Ashley National Forest, Ashley Creek, and Ashley Valley received their names from this early explorer. The imprint of Ashley’s party is still evident in the name Bridger Valley named for Jim Bridger; David Jackson for which Jackson Hole is named; Etienne Provost, for which Provo River and the City of Provo is named; and William Sublette for which Sublette County, Wyoming was named.
In the year 1828, four white men, Toopeechee Reed, Jim Reed, Dennis Julien and Augustus Archambeaux, French traders from Kentucky, entered the Uintah Basin and set up a trading post near a spring of water just south and east of the present settlement of Whiterocks. They brought in the first butcher knives, coffee beans, and other articles traded to the Indians for fur.
Antoine Rubidoux entered the Basin in 1832. When he decided to build his fort, Reed and others sold out and eventually left the Basin. Fort Rubidoux, a center for fur traders, had a life of 12 years. In 1844, this fort was burned to the ground. Antoine Rubidoux and a guide were away from the fort at the time and escaped.
In 1861, all the valley of the Uinta River was set aside as an Indian Reservation. The reservation extended to the crest of the mountains.
The first settlement of the Uinta Basin took place in 1872 by Captain Pardon Dodds. Following Captain Dodds, Morris Evans trailed about 2,000 head of cattle into the valley. In 1874, A. Hatch and Company brought in about 2,500 cattle and a large band of horses. In a few years, all of the surrounding ranges were fully stocked.

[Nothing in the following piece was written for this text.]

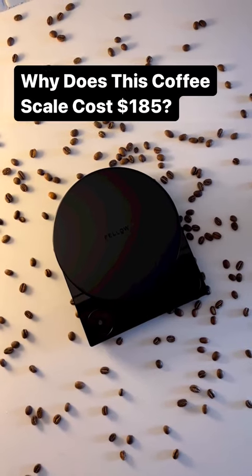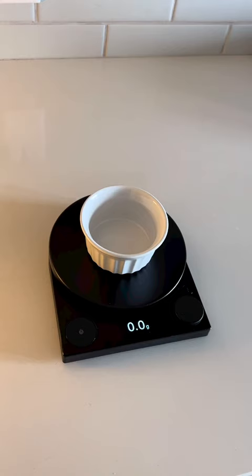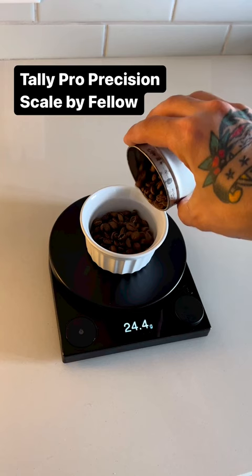Fellow just released a new coffee scale that costs $185, and while that may seem expensive, take a look at all that it does. It's called the Tally Pro Precision Scale, and it's super sensitive, accurate to within a tenth of a gram.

Following the settlement, came another era of the westthe advent of the famous outlaws and rustlers. In the 1880s and 1890s Butch Cassidy and his gang, known as the “Wild Bunch”, roamed the Intermountain Area. Butch shines in western legend as one of the brightest lights in his profession: leader of one of the largest organizations of cowboy outlaws the west has ever seen.
One of Butch’s famous hideouts was found in the northeast corner of Daggett County known as Brown’s Hole. It was here that he organized his famous band, composed of such notorious characters as Elza Lay, Matt Warner, George Cutty, Tom Horn, Tom O’Day, Harry Longabaugh, and others.
On July 15, 1905 President Theodore Roosevelt, by proclamation, added part of the area within the Indian reservation to the Uinta Forest Reserve. By executive order on July 1, 1908, he created the Ashley National Forest from that portion of the Uinta Forest Reserve east of the Rock Creek and Smith Fork drainages. These boundaries did not vary greatly until 1953 when a change in Forest boundaries between the Wasatch, Uinta, and Ashley National Forest was made. All of the north slope of the Uinta Mountains west of the Burnt Fork drainage was transferred from the Ashley National Forest to the Wasatch National Forest. The Ashley received the Rock Creek and Duchesne River drainages from the Wasatch Forest and Tabby Mountain and Avintaquin units from the Uinta National Forest. Today the boundaries are essentially the same, except the Phil Pico and Tabby mountain units were exchanged with the State of Utah in 1966-1968.
On October 1, 1968, President Lyndon B. Johnson approved legislation establishing the Flaming Gorge National Recreation Area as part of the Ashley National Forest. This legislation added approximately 120,000 acres to the Forest. From a small handful of dedicated men in 1908, the personnel force has expanded to more than 280 persons employed during the summer months on the Ashley National Forest.
Reprinted from U.S. Forest Service Brochure.